Unlike other modes of communication humans are used to, rules resulting from algorithmic analysis of data do not provide clues relating to the importance of individual conditions, since rules often place conditions of vastly different importance side by side, not even maintaining the order from the most important to the least important. Such computer-generated rules violate conversational rules or “maxims”, because they contain conditions which are not informative or relevant.888The relevance maxim is one of four conversation maxims proposed by philosopher Paul Grice, which was brought to relation with the conjunctive fallacy in the work of Gigerenzer and Hoffrage (1999) (see also (Mosconi and Macchi, 2001)).
In summary, the application of the unit bias in the context of rule learning can result in gross errors in interpretation. When domain knowledge on the meaning of the literals in the rule is absent, the unit bias can manifest particularly strongly.

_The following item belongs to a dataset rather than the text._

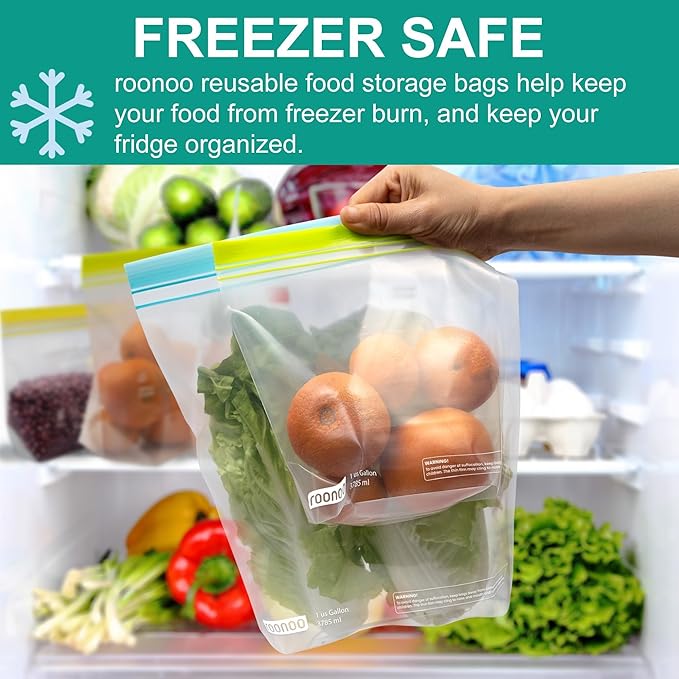12 Pack Reusable Gallon Freezer Bags, Dishwasher Safe BPA Free Food Storage Bags, Extra Thick Leakproof Plastic Ziplock Bags for Meal Prep Fruits Sandwich Snack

We conjecture that informing analysts about the discriminatory power of the individual conditions (literals) may alleviate unit bias. Such indicator can possibly be generated automatically by listing the number of instances in the entire dataset that meet the condition. Second, rule learning algorithms should ensure that literals are present in the rules in the order of significance, complying to human conversational maxims.
6 A Model for Rule Plausibility and Recommendations for Interpretable Rule Learning
Based on literature review and partly on experimental results presented in (Kliegr, 2017), we propose a graphical model of the plausibility of rules. The model is intended to raise awareness about the effect of cognitive biases on perception of rule learning results among the designers of machine learning algorithms and software. It suggests which cognitive biases might be triggered when humans assess plausibility of inductively learned rules and whether they influence plausibility. To some extent similar model describing general factors influencing plausibility assessment of a hypothesis was proposed in Gettys et al. (1978, 1986). In our model, we focus on inductively learnt rule and cognitive biases.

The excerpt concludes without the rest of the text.